“Oh! An oven!”
“Yes. My cabin does not have a proper kitchen.”
“I guess it’s lucky you were all set to go up there, then. And I was lucky you came by to check on me. It would’ve sucked to be stuck here with no light and no heat. Thank you.” Her face reddened at the memory of him warming her and what they’d done afterward. But then he’d ended things by pausing… She did her best to pretend it hadn’t happened.
“You have not eaten an evening meal. I will make enough for both of us.” He unwrapped one of the frozen tepins and placed it inside the oven, still frozen, and selected a setting. “I apologize. My cooking skills are limited.”
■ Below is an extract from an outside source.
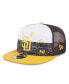Фото #1 товара Men's White/Gold San Diego Padres Team Foam Front A-Frame Trucker 9FIFTY Snapback Hat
“I don’t mind. I’m just grateful there’s food. I didn’t exactly plan to be here tonight, so I brought nothing.” She eyed the still-wrapped packages of frozen tepins doubtfully. “Shouldn’t we get all that frozen before it thaws?”
“We should. But I don’t think there’s enough room in the fridge.”
“I used to hang my food out the window in the winter at my old workplace on Earth since we didn’t have a fridge. Can you do something like that here?”
He brightened. “I can bundle them up and tie them outside so the storm doesn’t blow them away.”
Grogen got to work moving and securing all their food outside, and Abby searched the staff room cupboards for that all-purpose spice mix she’d seen the other day. She was too embarrassed to tell Grogen that her father was willing to sell her off to cover a debt. She shouldn’t have let it get to this point anyway—she should’ve kicked him out the first time she found out he was gambling again. But she hadn’t, and now, here she was.
She knew she’d have to tell Grogen eventually, but it would be easier when she wasn’t hungry and had had some time to think how best to put it.
She returned to find a slew of missed messages on her comm unit. She ignored the ones from her father and answered the one from Jenny, who, as expected, was offering to let her crash at their place.
Jenny: Come stay with us. That’s what couches are for.
Abby: You’re going to regret offering.
Jenny: Why?
Abby: Because I haven’t found a new place to stay. I might have been a teensy bit impulsive sending the message to the housing office before nailing that down.
Jenny: No prob. I’ll comm around and see if I find anything.
Abby considered telling Jenny about Grogen showing up but decided not to, at least not just yet. She thanked her friend, promised she’d still make it out to the festival to see her, then got up to see if Grogen needed help.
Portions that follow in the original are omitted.